→ **THE PROBLEM**: Once you have read the listing, output it exactly and completely.

-- DATA EXCERPT follows --

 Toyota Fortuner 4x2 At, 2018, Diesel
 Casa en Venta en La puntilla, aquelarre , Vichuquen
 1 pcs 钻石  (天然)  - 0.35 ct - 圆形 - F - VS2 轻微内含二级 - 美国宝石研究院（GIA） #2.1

-- DATA EXCERPT concluded --

→ **EXERCISE RESULT**:
 Toyota Fortuner 4x2 At, 2018, Diesel
 Casa en Venta en La puntilla, aquelarre , Vichuquen
 1 pcs 钻石  (天然)  - 0.35 ct - 圆形 - F - VS2 轻微内含二级 - 美国宝石研究院（GIA） #2.1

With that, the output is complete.